IGF-II mRNA and protein are expressed in the stroma of invasive breast cancers: Anin situ hybridization and immunohistochemistry study
Insulin-like growth factor-II (IGF-II) is a potent mitogen for a variety of cell types and is considered an important regulator of breast cancer growth. In this study, we analyzed IGF-II mRNA and protein expression in a series of 80 cases of invasive breast cancer. Seventy-five cases produced informative results for IGF-II mRNA expression, and were scored on an arbitrary scale. Two cases (2.6%) had no significant IGF-II mRNA expression. 35 cases (46.7%) expressed low levels of IGF-II mRNA, 20 cases (26.7%) moderate IGF-II mRNA, while 18 (24%) expressed high levels of IGF-II message.

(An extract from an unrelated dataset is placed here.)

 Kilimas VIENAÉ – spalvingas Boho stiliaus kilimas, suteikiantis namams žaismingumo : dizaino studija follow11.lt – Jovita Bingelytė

Generally, IGF-II mRNA was expressed in the smooth muscle walls of blood vessels and ducts, as well as in the stroma tightly adjacent to and surrounding tumor epithelium. IGF-II mRNA content was also directly related to the amount of the stroma within the tumor (p<0.05). In 10 cases (13.3%) IGF-II mRNA was detected in the stroma of normal lobules. Fifty-six out of 75 were positive for IGF-II immunostaining. Again, protein staining was generally observed in the smooth muscle of both blood vessels and ducts, as well as in the stroma surrounding tumor epithelium. In normal lobules and ducts the IGF-II protein was detected in the myoepithelium. Unequivocal IGF-II protein staining was seen in tumor epithelium in only three cases. The results of our study demonstrate that, in breast cancer, IGF-II mRNA is expressed in the smooth muscle and stromal components in the majority of invasive breast cancers. IGF-II expression correlates positively with the amount of stromal tissue present within a tumor. This suggests that IGF-II may have an important growth regulatory effect on breast tumor epithelium through paracrine pathways.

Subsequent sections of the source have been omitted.